Headless puppies, fishing nets, and G&Ts – humanity’s millennia-long war against malaria

This week the WHO recommended the world’s first malaria vaccine for general use, opening a new chapter in the story of humanity’s fight against this ancient disease.

  • 7 October 2021
  • 7 min read
  • by Maya Prabhu
The journal of hygiene. Credit: Wellcome Collection. Attribution 4.0 International (CC BY 4.0)
The journal of hygiene. Credit: Wellcome Collection. Attribution 4.0 International (CC BY 4.0)

 

In the middle fifth century CE on a hill overlooking the Tiber, a community hastily buried 49 children, tucking sometimes five or six infants into one grave. Around the little bodies, they arranged strange talismans: the headless skeletons of several puppies, a raven’s talon. One child would be unearthed more than 1,500 years later with a stone the size of a large bird’s egg still wedging the jaw bones wide open: a “vampire burial”, according to archaeologists, who believe the stone was intended to keep the dead from rising and spreading disease.

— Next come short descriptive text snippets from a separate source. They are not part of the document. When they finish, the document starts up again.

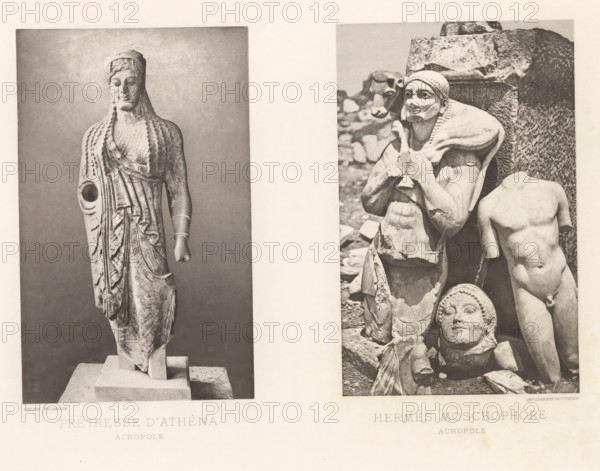 Priestess of Athena, Hermes Moschophore, Sculpture of a priestess of Pallas Athena and a sculpture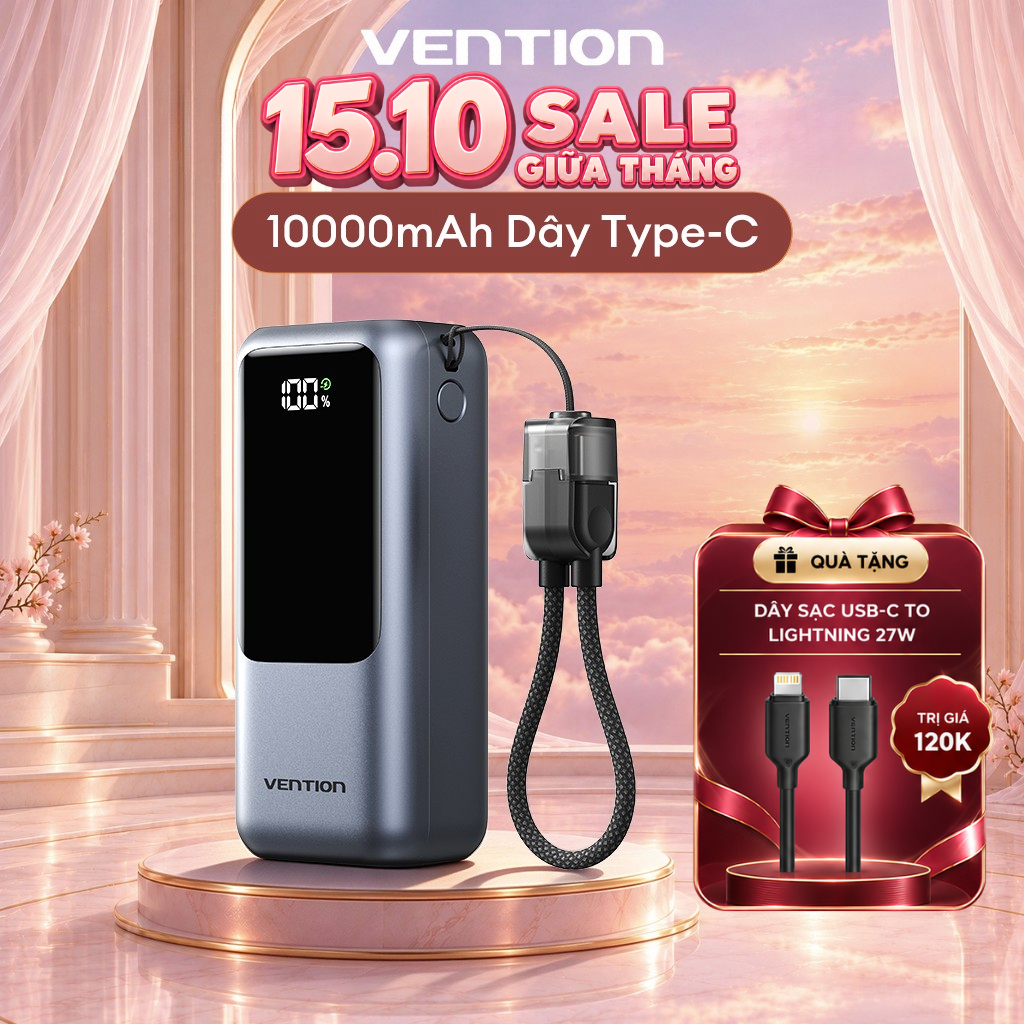 Vention Sạc dự phòng 10000mAh có dây đeo và cáp Type-C tích hợp sạc nhanh 22.5W hoàn hảo cho du lịch bảo hành chính hãng Dùng được cho IPhone, Samsung, Xiaomi, Vivo, OPPO.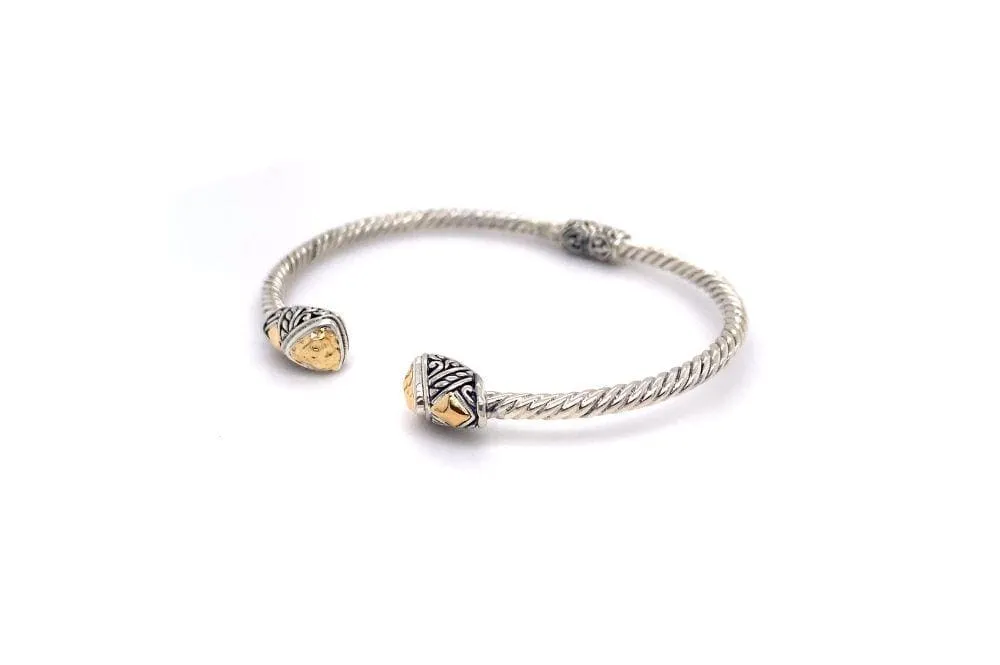 Gemma Bangle- Silver And Gold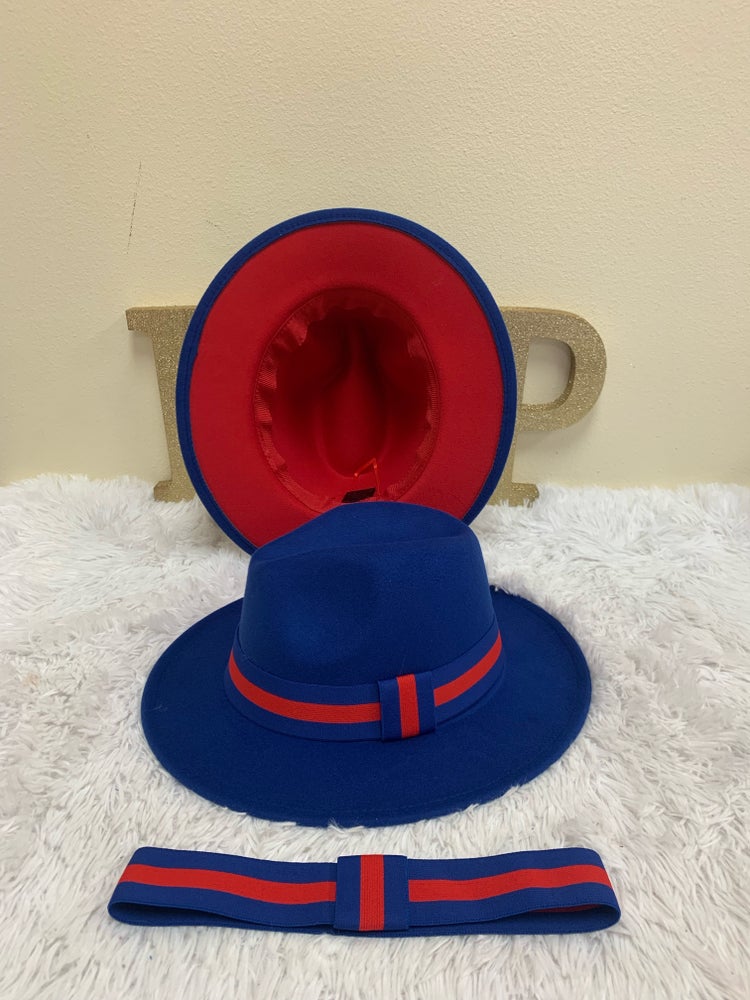Royal blue/red elastic Hat Accessory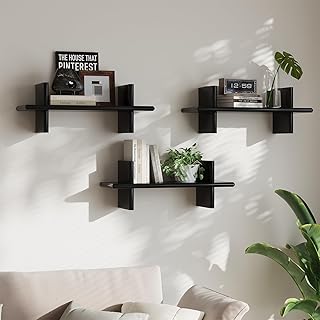 hi-home Wandregal 3er Set aus Holz, Schwebendes Regal, Wandaufbewahrung für Küche, Wohnzimmer, …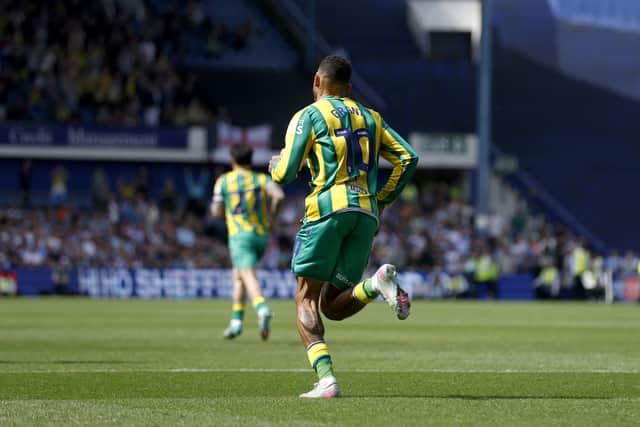 Karlan Grant, who is out of contract at The Hawthorns, netted a scruffy late consolation. Albion FC via Getty Images)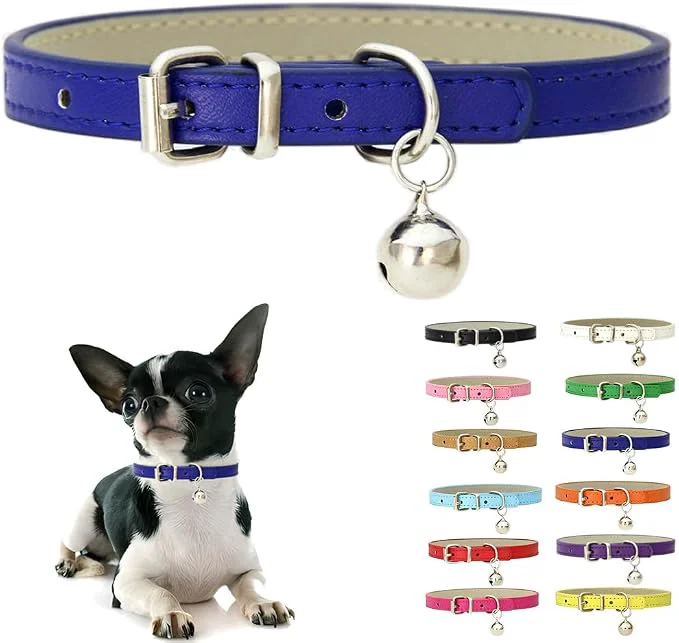 Excellent Dark Blue XS Dog Collar with Bell Soft Pu Leather Cat Collars Adjustable Buckle Official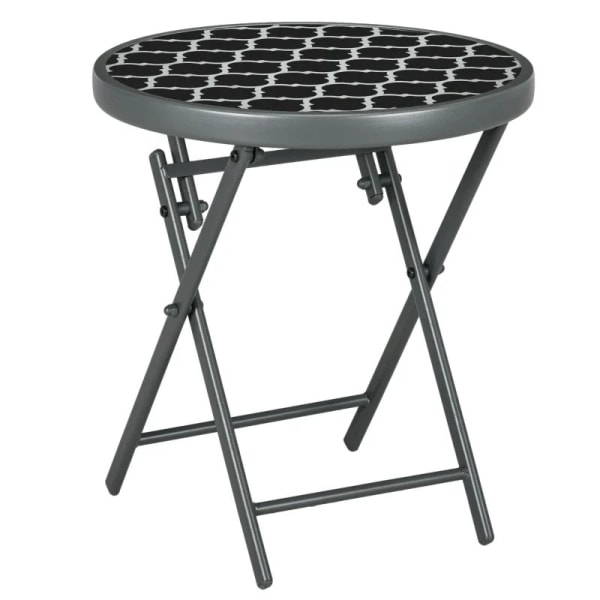 Rootz Havebord - Foldebord - Haveklapbord - Rundt - Vejrbestandigt - Sammenklappeligt - Sort - Ø45 x 50 cm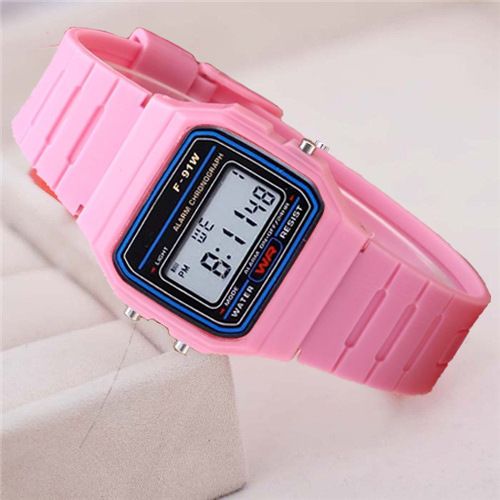 Sports Multi-Functional Ultra-Thin Luminous Alarm Clock Children's F-91w Electronic Watch_voghion.com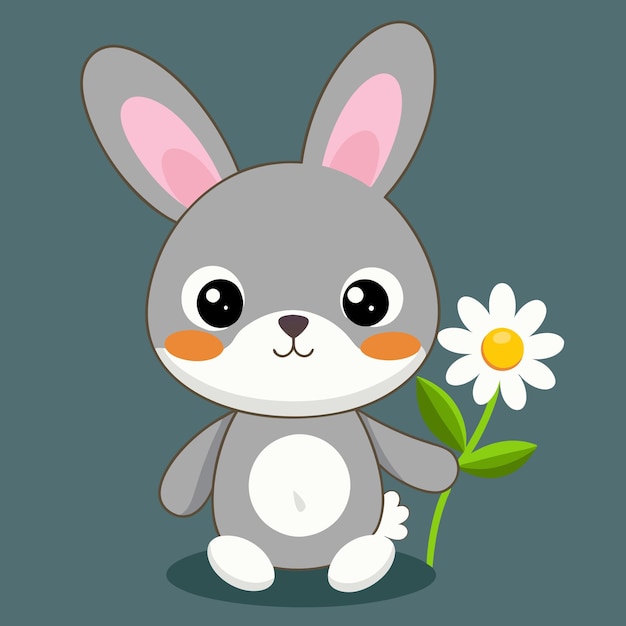 Photo adorable cartoon bunny holding a flower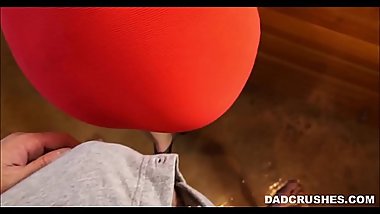 Blonde Teenager Step Daughter Tricks Step Dad Into Fucking Her On Kitchen Counter POV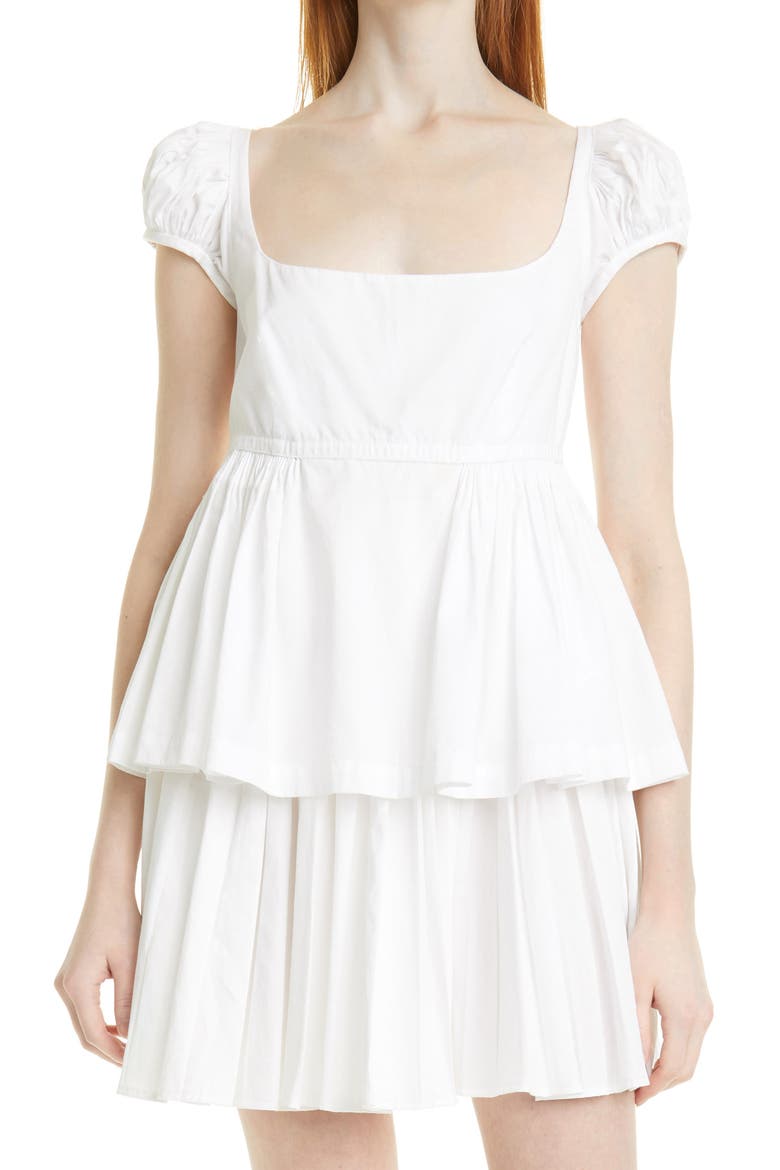 Puff Sleeve Peplum Top, Main, color, WAXFLOWER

Researchers working on the site, the Necropoli dei Bambini in Lugnano, Italy, 70 miles north of Rome, describe the ritual objects as evidence of helpless terror. “Village witchcraft,” says Dr David Soren, a leading scholar of the graveyard – the desperate, pagan propitiations of a newly Christian people overwhelmed by an epidemic killer.

Efforts to stave off the malaria parasite – rather than cure the infection – have usually targeted mosquito control. Sometimes, that has meant erecting barriers.

In literature, the marshland surrounding Rome has often been described as unwholesome, swathed in noxious, fever-inducing vapours: “bad air” or, in Italian, mal’aria. By the time that science had understood1 that it was actually the insects of the wetlands – specifically, female Anopheles mosquitoes – and not their gases that disseminated the deadly infections, the name had stuck.

The journal of hygiene. Credit: Wellcome Collection. Attribution 4.0 International (CC BY 4.0)
From The journal of hygiene.
Credit: Wellcome Collection. Attribution 4.0 International (CC BY 4.0)

Malaria was an early suspect in the deaths of the infant skeletons of Lugnano: the setting fit; so did a tell-tale pattern of pitting in the children's bones. And even today, the disease is deadliest for young children: more than 60% of the 400,000 people malaria kills each year are aged under five.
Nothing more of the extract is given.